La archeozoologia [1}, ovvero lo studio dei resti faunistici provenienti da scavi archeologici, è ormai diventata una necessità riconosciuta dalla gran parte degli archeologi. Lo scavo, secondo la concezione attuale, non deve essere più finalizzato al ritrovamento di oggetti più o meno preziosi o al recupero di edifici, ma deve diventare uno strumento per ricostruire la storia, tanto più utile quanto più si va indietro nel tempo, in periodi in cui mancano fonti scritte. Lo studio dei resti organici, animali e vegetali che costituivano il cibo dell’uomo è fondamentale per interpretare il modo di vita e i problemi che una popolazione antica poteva avere per sopravvivere su un determinato territorio. I resti animali, soprattutto le ossa di micromammiferi come roditori, insettivori e le conchiglie di molluschi terrestri o di mare, ma in genere di ogni elemento della fauna selvatica, sono indicatori importanti della situazione climatica e ambientale e, anche in assenza di residui vegetali, possono dare un’idea della copertura vegetale e del clima di una località anche in specifici momenti grazie alla stretta collaborazione i paleoclimatologi e i paleobotanici.

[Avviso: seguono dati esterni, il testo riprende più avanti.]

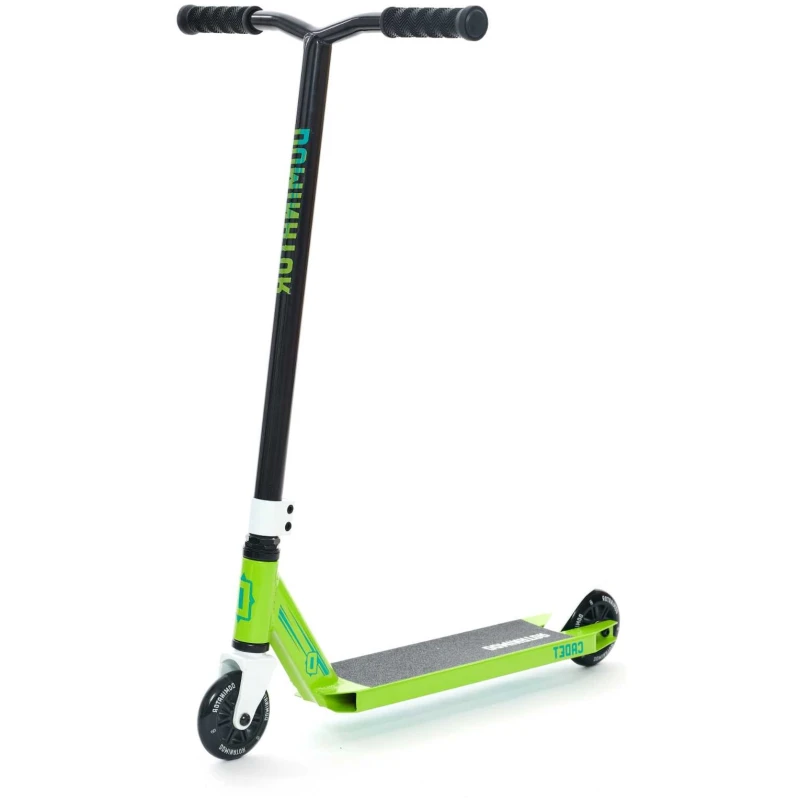 dominator-cadet-green-black-DOM-M21005-1-1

Lo studio dei resti faunistici è importante anche per le fasi storiche e in questo caso i risultati possono essere interpretati alla luce delle testimonianze letterarie e delle ricerche d’archivio e spesso i risultati degli studi archeozoologici possono spiegare situazioni incerte o mostrare aspetti poco noti della storia locale.
Il campo di ricerca è molto vasto e spesso ci si specializza in un determinato settore. Più frequenti sono gli studi sui mammiferi che in genere costituiscono la base e la gran parte dei resti recuperati. Possono essere oggetto di studi specialistici i cosiddetti micromammiferi come i pesci, i rettili e gli anfibi, gli uccelli e i molluschi. La specializzazione riguarda anche l’area della ricerca, in quanto diversi ambienti sono popolati da specie diverse e la diffusione geografica di molte specie selvatiche è abbastanza ristretta.

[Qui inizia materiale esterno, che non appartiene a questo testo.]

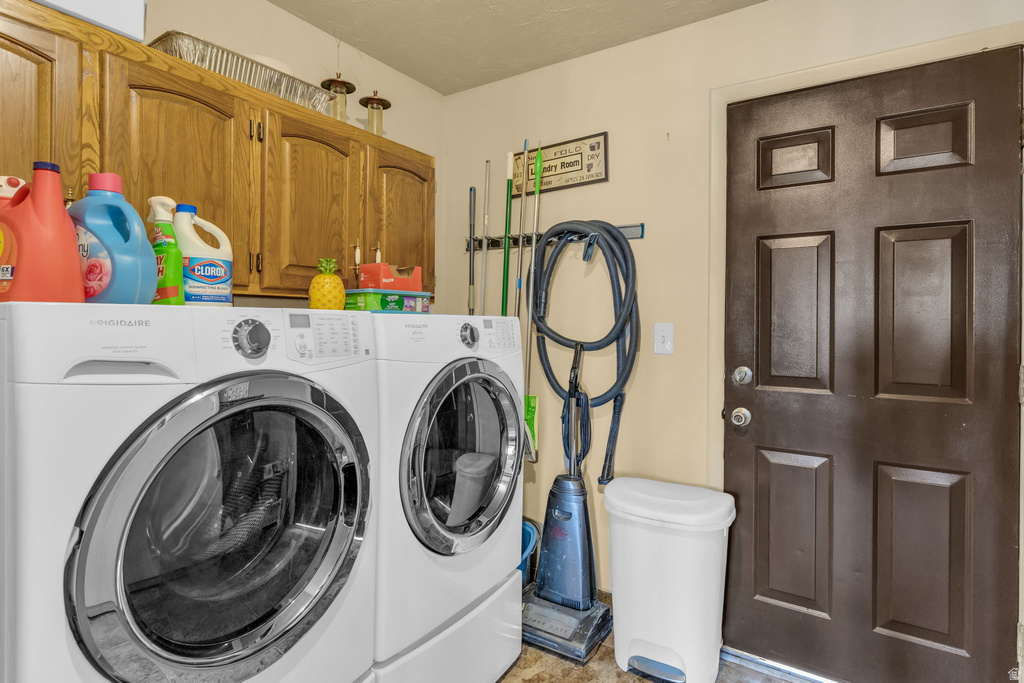 2774 E WILLOW WICK DR Sandy, UT 84093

Lo studio sulle faune sarde è in ritardo perché si è cominciato in ritardo e non sempre nel migliore dei modi, tuttavia quello che è stato fatto negli ultimi venti anni è significativo e ha cambiato in qualche caso la concezione della vita economica della Sardegna nei secoli e nei millenni passati.
La necessità di studiare i resti faunistici che venivano recuperati in contesti archeologici era un problema sentito fino dagli inizi delle ricerche in campo preistorico, al fine di definire meglio l’ambiente in cui vivevano le più antiche popolazioni umane i cui resti cominciavano ad essere recuperati un po’ dovunque. La presenza di specie estinte, in assenza di altri metodi di datazione, poteva essere presa a prova dell’antichità di un contesto.

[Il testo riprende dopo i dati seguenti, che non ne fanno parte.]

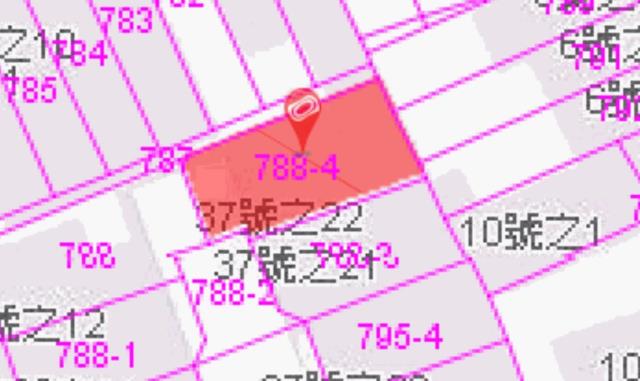 麻豆法拍法拍屋-6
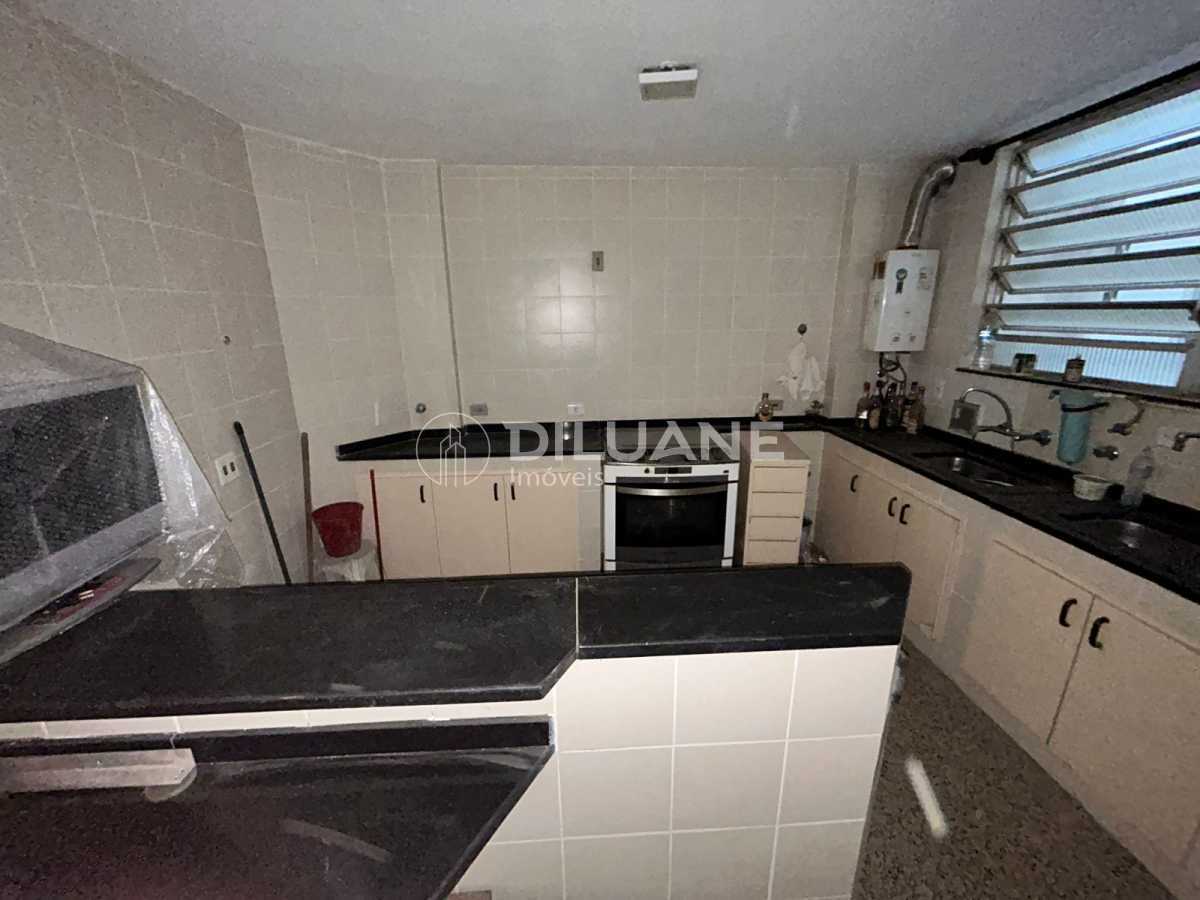 WhatsApp Image 2024-10-17 at 1 - 24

In Sardegna, nonostante la precedente presenza di alcuni studiosi locali e lavori occasionali di pochi stranieri, è solo dal 1993 che la fauna archeologica viene studiata in modo intensivo e regolare.
Dai dati a disposizione si possono trarre alcune valutazioni e le informazioni che ricaviamo da insediamenti umani riflettono solo in modo parziale la situazione faunistica del territorio. Alcune specie che suscitavano maggiori interessi o che erano di più facile cattura, sono senz'altro in numero maggiore di altre che potevano essere altrettanto comuni ma che venivano uccise solo casualmente.
Le attività umane che vedono l’uso di animali in età antica hanno costituito una porzione importante non solo nella sussistenza degli uomini ma anche come ausilio stessa alla dura vita.
La caccia, attività fondamentale fino a tutto il Mesolitico (periodo intermedio dell’età della pietra che va dal 10.000 all’8000 a.C.), perde la sua importanza nel Neolitico antico fino ad essere quasi assente in alcuni villaggi di questo periodo. Successivamente in molti siti si afferma un'economia mista, maggiormente adattata all'ambiente naturale, e lo sfruttamento degli animali selvatici ritorna ad avere un certo peso economico.
Dopo la caccia anche la pesca, soprattutto nella nostra Isola, ha costituito una valida ed importante alternativa come attività economica e nella parte essenziale dell’alimentazione.
La pesca, nelle due attività con le reti o con gli ami è un'attività di importanza primaria solo in alcuni siti specializzati, mentre è di scarso rilievo negli altri. Dalla media età del Bronzo sembra diffusa in un buon numero di siti costieri come un'attività secondaria di integrazione, mentre mancano gli insediamenti in cui riveste un ruolo di un certo rilievo.
La pesca acquista importanza in età romana e si affermano alcuni prodotti derivati dalla conservazione del pesce, come salsamenta, garum e hallec, ovvero dei condimenti proprio a base di interiora di pesce dal gusto estremamente forte.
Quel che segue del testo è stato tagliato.